This article, by Justin Baiocchi, was originally published in The Northern Daily Leader on 11 April 2015.
Some time ago a friend sent me an email link to a story about an American ‘life coach’ who claimed to have invented a fool-proof method to increasing your productivity. His message was that you needed to divide every day into 96 fifteen minute intervals and focus on one specific task for that fifteen minutes before moving onto a new task in the next fifteen minutes. He advocated using a timer to mark the start and end of every fifteen minute interval (which made me wonder how much sleep you would get with a timer going off every fifteen minutes during the night, reminding you that your fifteen minutes of sleep was over and it was now time to move on to your next fifteen minutes of sleep). His ‘revolutionary method’ came with a trademark and was of course copyrighted, though it seemed to me to be very similar to the common sense approach of finishing one job before moving on to the next.
Tracking and measuring every minute of your day, even while sleeping, has moved on to a whole new level with the advent of fitness bands, also known as activity trackers. These unobtrusive gadgets provide a wealth of data regarding how far you’ve walked, your heartbeat, calorie consumption and even whether or not you had a good night’s sleep. By downloading the data captured by the fitness band to your phone or computer, it’s possible to scrutinise your movements during the day in minute detail. The principle behind these devices is that awareness of your daily activity levels might be useful tools in the fight against the evils of modern living – processed food, lack of sleep and a sedentary lifestyle.
When it comes to investing however, constant measuring and checking of your investments is not necessarily a good idea. Yes, you should take an interest in how your superannuation is performing; yes, you should give your finances an overall health check at least once a year; but should you check the stock market or the value of your investments every fifteen minutes?
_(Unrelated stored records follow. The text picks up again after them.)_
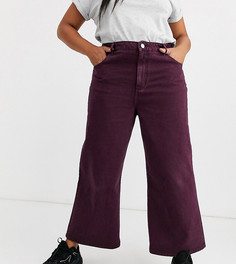 Джинсы баклажанного цвета с широкими штанинами ASOS DESIGN Curve premium-Фиолетовый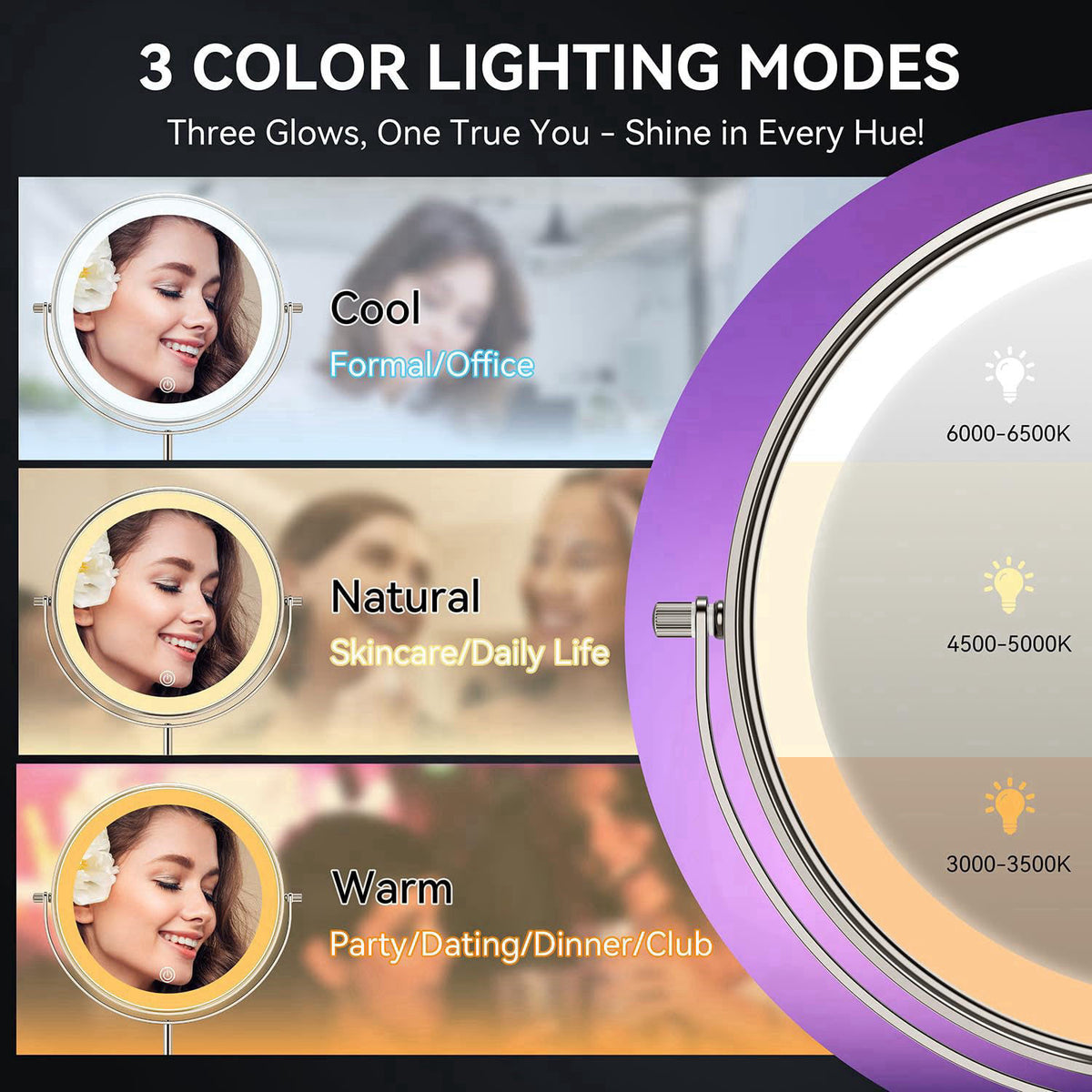 Auxmir 9" 1X/30X Lighted Makeup Mirror, Rechargeable Maginfying Mirror – full view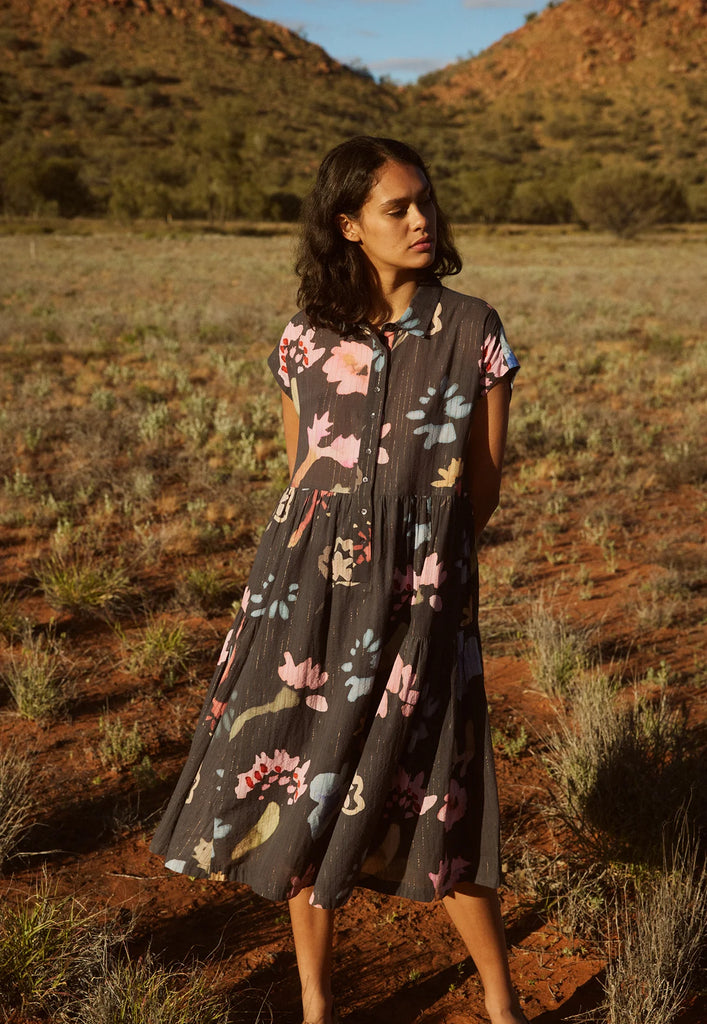 Nancybird Maja Dress - Watercolour Charcoal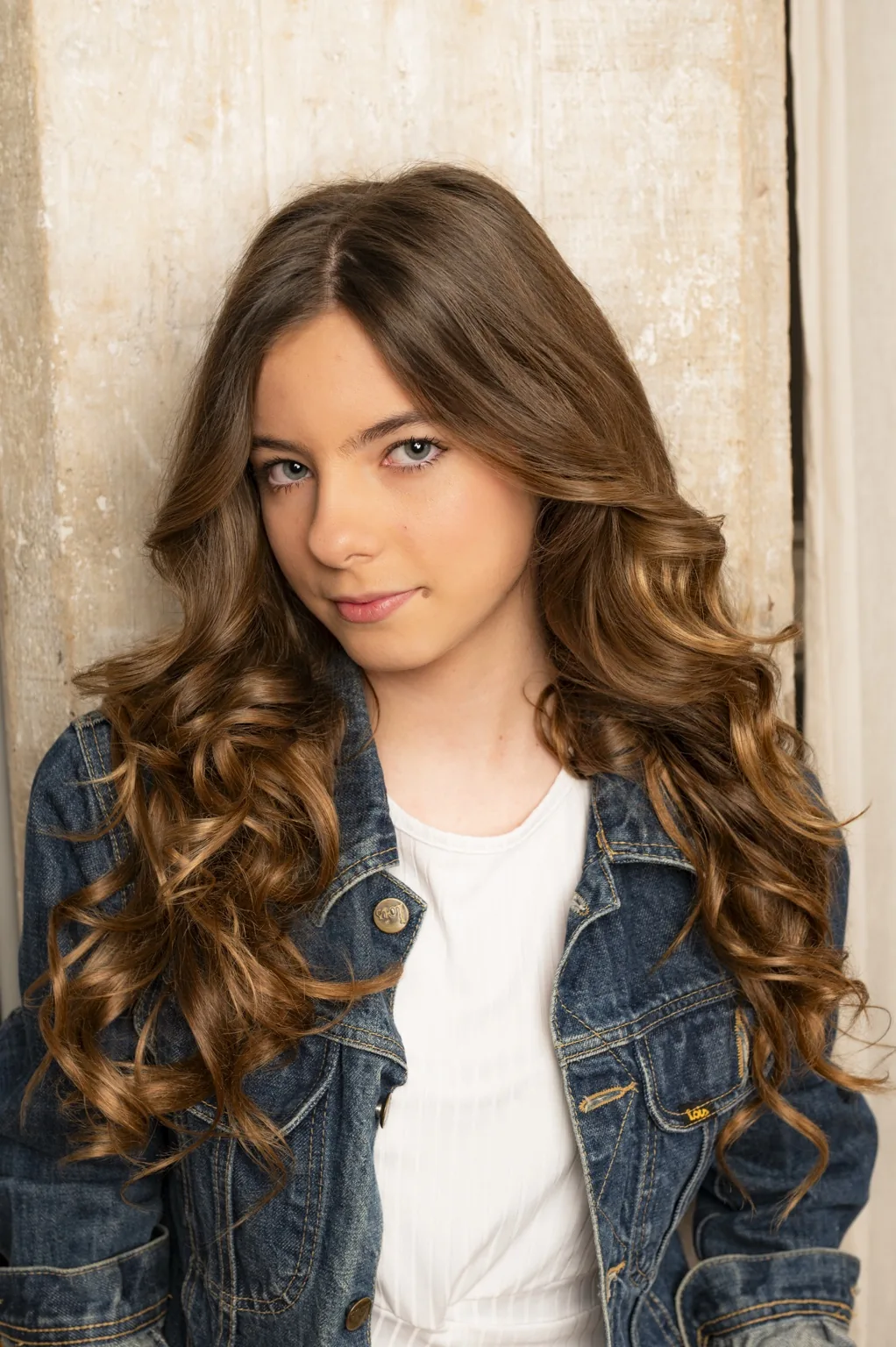 Maeva model close up denim jacket editorial portrait Valencia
Not really. There is a healthy divide between paying too little attention to your financial situation and paying too much attention. In the short term, the daily movements of individual shares and investments are of little import, it’s the longer term trends and movements you need to think about. Too often the real message gets lost in all the noise created by a 24×7 news cycle. In the modern, connected, ‘always on’ world of today, switching off for a while is hard to do, but it may be more productive than finding something different to do every fifteen minutes.